The day was long but full of knowledge and information they could take back to D.C. and share with their committees and Congress. Feedback was very positive, and one thing we heard over and over was, “I’ve always read about the dams and the system and developed an opinion, but, really, until you actually see the system in person, it is a WOW moment.” Hearing this gave me a sense of accomplishment, although I know this is only a small step to any kind of success. The relationships and networking that occurred due to this tour has turned not only WAWG, but other river system stakeholders, into reliable sources of data for Congress to access when needed. I’m proud and thankful for all who volunteered their time and energy to make this a seamless, successful event.
As you can see, I have a common theme throughout this column — relationships. Relationship building is the foundation of what I do at WAWG, and it’s hard work. You spend the time and energy building relationships and contacts, and then, suddenly, there’s a change in administration or someone makes a career change, and it can be overwhelming to feel like you are back to square one and have to start over with someone new. We need relationships in all areas of our life — business, personal, family, and neighbors. It’s something we all do. Some people are more successful than others at it, but it’s a part of life. I enjoy meeting new people, but it’s something you have work at it, even if you have an outgoing personality.

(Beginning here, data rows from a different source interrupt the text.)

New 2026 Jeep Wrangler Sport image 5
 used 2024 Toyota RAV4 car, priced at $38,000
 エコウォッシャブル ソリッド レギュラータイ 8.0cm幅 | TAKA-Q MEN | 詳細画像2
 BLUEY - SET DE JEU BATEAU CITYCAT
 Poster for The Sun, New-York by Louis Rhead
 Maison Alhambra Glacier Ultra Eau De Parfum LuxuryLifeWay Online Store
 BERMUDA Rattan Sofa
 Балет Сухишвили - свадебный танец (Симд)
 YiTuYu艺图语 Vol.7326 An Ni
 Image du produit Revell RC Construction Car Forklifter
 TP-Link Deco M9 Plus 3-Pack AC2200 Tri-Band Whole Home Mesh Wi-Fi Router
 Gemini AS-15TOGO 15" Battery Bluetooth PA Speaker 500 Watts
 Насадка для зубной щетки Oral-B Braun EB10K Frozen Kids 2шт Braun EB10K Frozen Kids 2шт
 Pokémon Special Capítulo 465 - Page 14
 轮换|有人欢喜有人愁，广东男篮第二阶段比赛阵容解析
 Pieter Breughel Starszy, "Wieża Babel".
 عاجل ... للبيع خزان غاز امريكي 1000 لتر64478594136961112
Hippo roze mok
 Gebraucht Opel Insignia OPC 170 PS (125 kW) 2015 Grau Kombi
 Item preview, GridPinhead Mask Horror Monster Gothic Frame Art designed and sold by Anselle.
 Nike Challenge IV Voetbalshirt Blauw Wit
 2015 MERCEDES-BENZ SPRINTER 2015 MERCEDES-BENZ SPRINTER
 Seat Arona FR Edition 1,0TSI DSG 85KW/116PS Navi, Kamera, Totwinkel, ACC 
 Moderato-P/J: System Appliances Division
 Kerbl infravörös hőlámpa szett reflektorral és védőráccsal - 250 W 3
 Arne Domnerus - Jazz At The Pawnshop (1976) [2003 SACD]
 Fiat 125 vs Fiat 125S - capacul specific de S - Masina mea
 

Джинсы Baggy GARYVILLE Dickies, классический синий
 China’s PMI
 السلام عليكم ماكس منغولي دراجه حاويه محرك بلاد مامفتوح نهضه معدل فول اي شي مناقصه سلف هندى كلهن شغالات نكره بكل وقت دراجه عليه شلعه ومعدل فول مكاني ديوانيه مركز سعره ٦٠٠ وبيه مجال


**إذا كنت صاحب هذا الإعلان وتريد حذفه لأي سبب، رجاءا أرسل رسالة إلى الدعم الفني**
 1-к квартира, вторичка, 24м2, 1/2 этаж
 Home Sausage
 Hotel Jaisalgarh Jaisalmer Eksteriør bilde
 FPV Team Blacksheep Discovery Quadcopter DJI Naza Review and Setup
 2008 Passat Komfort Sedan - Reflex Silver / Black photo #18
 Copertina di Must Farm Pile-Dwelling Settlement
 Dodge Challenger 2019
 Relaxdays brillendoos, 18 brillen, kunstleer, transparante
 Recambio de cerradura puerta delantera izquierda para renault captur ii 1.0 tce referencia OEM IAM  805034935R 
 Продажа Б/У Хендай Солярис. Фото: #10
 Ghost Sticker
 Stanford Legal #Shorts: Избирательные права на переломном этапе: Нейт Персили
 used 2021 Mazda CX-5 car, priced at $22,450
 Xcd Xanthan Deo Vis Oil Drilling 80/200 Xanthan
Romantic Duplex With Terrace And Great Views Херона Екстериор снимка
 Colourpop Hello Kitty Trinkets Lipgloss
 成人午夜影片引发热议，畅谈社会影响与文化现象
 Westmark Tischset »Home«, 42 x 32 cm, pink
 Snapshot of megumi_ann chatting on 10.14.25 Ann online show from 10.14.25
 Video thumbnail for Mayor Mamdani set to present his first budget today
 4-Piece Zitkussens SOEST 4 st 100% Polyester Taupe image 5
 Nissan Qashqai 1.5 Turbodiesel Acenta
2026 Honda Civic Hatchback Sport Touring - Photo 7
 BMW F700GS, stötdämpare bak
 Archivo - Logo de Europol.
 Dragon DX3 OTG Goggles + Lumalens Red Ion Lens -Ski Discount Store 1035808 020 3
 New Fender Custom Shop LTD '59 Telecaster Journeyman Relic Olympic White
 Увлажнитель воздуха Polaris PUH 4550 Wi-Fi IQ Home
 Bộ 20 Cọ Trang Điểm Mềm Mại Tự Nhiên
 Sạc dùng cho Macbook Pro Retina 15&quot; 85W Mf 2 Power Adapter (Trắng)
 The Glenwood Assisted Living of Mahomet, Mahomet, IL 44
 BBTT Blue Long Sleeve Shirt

I had an amazing experience a couple of months ago. I was at a river governance meeting in Montana when I introduced myself to an urban state legislator. We had great conversations on life in general and learned about each other’s background and families. It was very gratifying. We talked about various issues as we both work in the political area and had great conversations on many topics we had in common. At first, I was nervous, because I know I’m very passionate about WAWG’s needs for transportation and infrastructure. I knew we weren’t going to see eye to eye on many aspects of this issue, but, in fact, we actually had many things in common and were able to talk honestly and respectfully.
What I learned from that experience is even if you know you don’t agree with someone on all the issues, the value of finding common ground and getting to know them as a person will soften the hard line drawn in the sand. This develops respect and nurtures an environment where constructive discussions can take place that benefit both parties in situations where beliefs and needs are very different. Right now, with so many divisive issues, our nation feels like it is being pulled in opposite directions. Maybe we all need to step outside our comfort zone and engage with others who are on the opposite side of an issue. We might be surprised at the outcome. We won’t always be successful, but if we don’t take the step forward, we’ll never know.